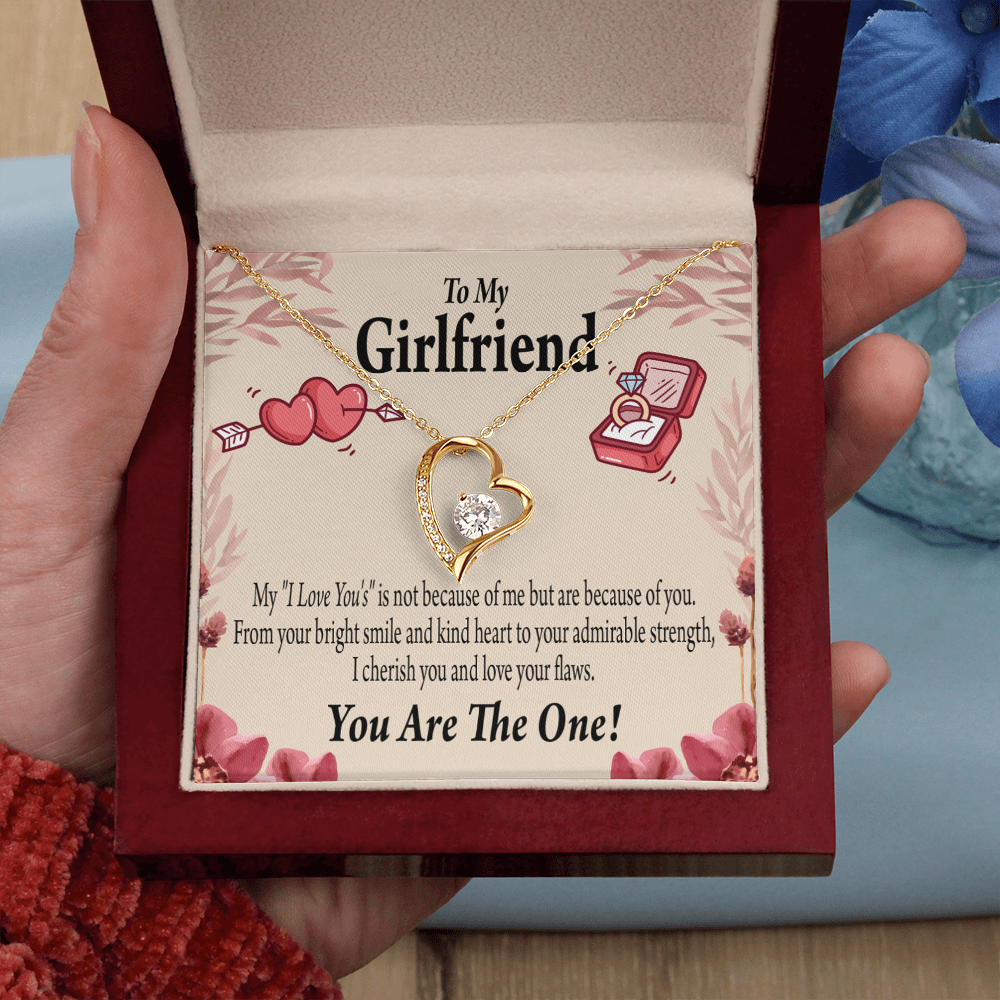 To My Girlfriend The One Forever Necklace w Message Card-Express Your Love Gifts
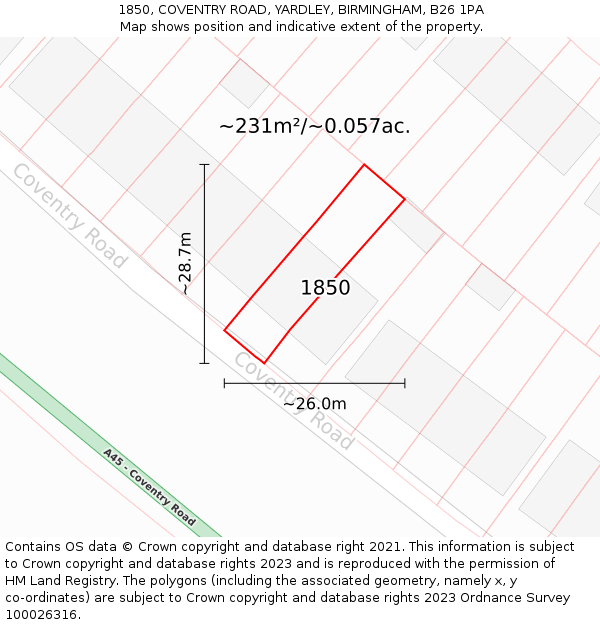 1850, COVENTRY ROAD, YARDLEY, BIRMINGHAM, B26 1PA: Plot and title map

==

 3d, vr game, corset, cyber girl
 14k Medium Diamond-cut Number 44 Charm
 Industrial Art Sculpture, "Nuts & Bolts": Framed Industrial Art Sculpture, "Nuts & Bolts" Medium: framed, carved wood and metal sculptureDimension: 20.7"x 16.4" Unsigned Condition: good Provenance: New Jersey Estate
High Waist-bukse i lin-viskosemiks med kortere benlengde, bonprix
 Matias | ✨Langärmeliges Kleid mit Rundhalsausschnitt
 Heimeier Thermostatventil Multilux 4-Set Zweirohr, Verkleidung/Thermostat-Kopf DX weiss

- WHAT TO DO
Could you reproduce, exactly, every line above from the line with "Matias | ✨Langärmeliges" to the line with "Heimeier Thermostatventil Multilux", and no other line? Both ends count.

- YOUR RESPONSE
 Matias | ✨Langärmeliges Kleid mit Rundhalsausschnitt
 Heimeier Thermostatventil Multilux 4-Set Zweirohr, Verkleidung/Thermostat-Kopf DX weiss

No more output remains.